Non plus ultra - tea linzer


Don't ask me where the name comes from, I just decided to rehabilitate Grandma's recipes and this is how she called them. I remembered that they melt in mouth and are just a bite each.. :)
It has again a linzer like pastry, with meringue on top, and I decided to adjust the sugar portion in the dough to make it less sweet, as originally had 150 g sugar. Huhh.. That would have been a real torture for me..
Even with the adjusted recipe is still VERY sweet however, so you want to have a sour jam inside to balance the flavor. Mine were very sweet, both the apricot and raspberry, but I was lucky to find the blackcurrant marmalade and they became edible sweet :). The kids preferred the ones with raspberry, so it is really up to your own preferences.
I also think with smaller scoops of meringue the sweetness was more tolerable (just a personal taste) than with large scoops, and when you ate them they really fit in your mouth in just one bite.
Large scoops looked better though :), if you like sweet cookies just go ahead and place a nice meringue scoop that covers the cookie, but be prepared that if you don't finish them in one bite when you eat the meringue will fall apart and make a mess :D.
Makes at least ~70 cookies (some halves were eaten unglued and uncounted..)

Ingredients:
300 g pastry flour (10.5 ounce), all-purpose flour is good, but NOT bread flour
200 g butter (7 ounces, 1 3/4 stick) (Grandma had 300 lard in her recipe, but I replaced the lard with butter and also reduced the amount, you can try with 300g if you wanna experiment or find the cookies too chewy)
2 egg yolks
100 g sugar (3.5 ounce)
1 bag vanilla sugar or 1 tsp homemade vanilla sugar

Meringue
2 egg whites, use eggs left at room temperature for ~ a day
130 g sugar
1/2 tsp vinegar (optional)

Serving
a sour jam/marmalade like apricot jam, (raspberry marmalade, blackcurrant marmalade)

Mix all the ingredients, roll it out very thin (~3mm) and cut roughly 3 cm (1.2  inch) circles.

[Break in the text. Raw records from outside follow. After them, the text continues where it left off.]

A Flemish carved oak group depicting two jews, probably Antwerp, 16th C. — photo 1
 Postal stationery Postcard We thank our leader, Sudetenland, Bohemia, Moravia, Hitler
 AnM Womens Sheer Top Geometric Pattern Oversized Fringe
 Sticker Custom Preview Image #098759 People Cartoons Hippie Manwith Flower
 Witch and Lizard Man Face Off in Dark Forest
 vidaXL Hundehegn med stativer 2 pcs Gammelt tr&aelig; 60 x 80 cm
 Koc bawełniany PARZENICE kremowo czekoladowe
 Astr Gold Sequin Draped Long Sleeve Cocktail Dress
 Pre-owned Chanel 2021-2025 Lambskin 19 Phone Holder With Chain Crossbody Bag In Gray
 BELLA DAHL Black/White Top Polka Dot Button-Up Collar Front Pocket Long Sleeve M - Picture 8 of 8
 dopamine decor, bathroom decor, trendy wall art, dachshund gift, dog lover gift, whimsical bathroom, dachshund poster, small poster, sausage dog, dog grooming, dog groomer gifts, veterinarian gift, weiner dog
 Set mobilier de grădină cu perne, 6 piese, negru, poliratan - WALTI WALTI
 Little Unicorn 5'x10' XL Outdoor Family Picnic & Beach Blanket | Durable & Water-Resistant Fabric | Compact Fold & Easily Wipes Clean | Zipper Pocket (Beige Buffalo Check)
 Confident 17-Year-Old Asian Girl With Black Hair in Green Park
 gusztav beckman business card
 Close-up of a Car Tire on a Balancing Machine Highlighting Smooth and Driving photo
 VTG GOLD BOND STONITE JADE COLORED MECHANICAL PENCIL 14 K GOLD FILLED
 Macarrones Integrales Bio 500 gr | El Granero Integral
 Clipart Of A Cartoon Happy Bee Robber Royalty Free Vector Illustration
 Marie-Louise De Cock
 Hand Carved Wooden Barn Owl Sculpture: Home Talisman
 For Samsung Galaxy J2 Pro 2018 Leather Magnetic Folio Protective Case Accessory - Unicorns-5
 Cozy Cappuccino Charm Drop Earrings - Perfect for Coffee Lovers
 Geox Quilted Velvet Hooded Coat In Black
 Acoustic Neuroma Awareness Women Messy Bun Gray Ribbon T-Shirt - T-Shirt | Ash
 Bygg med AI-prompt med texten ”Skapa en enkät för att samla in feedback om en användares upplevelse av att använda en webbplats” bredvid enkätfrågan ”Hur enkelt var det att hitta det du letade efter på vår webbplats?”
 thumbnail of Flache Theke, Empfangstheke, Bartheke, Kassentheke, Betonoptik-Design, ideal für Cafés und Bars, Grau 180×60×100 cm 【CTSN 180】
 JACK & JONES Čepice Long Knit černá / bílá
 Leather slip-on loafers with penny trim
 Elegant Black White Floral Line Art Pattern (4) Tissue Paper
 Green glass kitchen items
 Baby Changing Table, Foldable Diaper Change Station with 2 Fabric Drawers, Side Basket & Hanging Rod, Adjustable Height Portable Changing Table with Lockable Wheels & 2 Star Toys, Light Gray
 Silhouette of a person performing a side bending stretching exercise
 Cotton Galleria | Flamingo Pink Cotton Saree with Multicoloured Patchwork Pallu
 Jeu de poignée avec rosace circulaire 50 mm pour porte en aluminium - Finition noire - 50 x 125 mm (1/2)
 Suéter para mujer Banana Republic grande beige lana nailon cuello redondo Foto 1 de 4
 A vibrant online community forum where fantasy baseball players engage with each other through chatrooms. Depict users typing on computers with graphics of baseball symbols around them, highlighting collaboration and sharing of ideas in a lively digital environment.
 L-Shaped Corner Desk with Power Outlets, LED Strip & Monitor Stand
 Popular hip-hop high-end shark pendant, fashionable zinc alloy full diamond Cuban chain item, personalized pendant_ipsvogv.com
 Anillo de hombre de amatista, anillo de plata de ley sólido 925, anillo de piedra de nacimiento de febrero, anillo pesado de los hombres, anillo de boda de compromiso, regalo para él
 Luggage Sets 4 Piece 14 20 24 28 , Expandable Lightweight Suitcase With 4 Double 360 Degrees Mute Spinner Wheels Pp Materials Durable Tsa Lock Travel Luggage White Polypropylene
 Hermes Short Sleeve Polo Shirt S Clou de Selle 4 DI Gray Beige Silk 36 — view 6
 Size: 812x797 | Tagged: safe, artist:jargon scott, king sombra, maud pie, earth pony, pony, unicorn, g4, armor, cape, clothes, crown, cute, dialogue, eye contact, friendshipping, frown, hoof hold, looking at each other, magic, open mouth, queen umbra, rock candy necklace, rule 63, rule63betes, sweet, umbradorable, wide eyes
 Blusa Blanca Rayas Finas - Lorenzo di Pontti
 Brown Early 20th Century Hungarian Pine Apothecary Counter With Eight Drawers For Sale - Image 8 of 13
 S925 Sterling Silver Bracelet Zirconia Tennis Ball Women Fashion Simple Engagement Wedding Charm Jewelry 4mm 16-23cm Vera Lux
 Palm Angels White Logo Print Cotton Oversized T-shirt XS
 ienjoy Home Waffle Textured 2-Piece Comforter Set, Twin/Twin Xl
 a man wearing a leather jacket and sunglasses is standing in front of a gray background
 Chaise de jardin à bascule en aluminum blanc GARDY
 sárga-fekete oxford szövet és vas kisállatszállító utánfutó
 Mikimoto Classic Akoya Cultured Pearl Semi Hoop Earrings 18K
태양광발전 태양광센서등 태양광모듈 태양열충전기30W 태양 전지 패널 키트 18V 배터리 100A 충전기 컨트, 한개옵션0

The dough can be quite sticky, add some flour if needed, and use flour beneath and on top when rolling them out (or a baking sheet).
Make the meringue from the egg whites with the sugar. If you want a successful egg white, start whipping the eggs and only when starts to thicken add slowly the sugar. Whip it well, until you remove the spoon and the peaks can stand up. Place small tops on each piece of cookie, easier if you use a piping (pastry) bag.
Bake them at 175 C (350 F) for 20 min. I suppose 180 works fine as well, take them out couple of minutes earlier.

Glue two of them together with apricot jam, let the jam soften the cookies overnight in a cold place (not the fridge though). Until the cookie softens and they get glued together the two cookies might slide, so watch how you place them on the plate.
Enjoy.

Looking at my recipes I think if someone would describe the Hungarian cake-cookie delis it would definitely have one of the following: plum marmalade, apricot jam, sour cherry, walnuts or chestnuts :). Exception is maybe the madártej.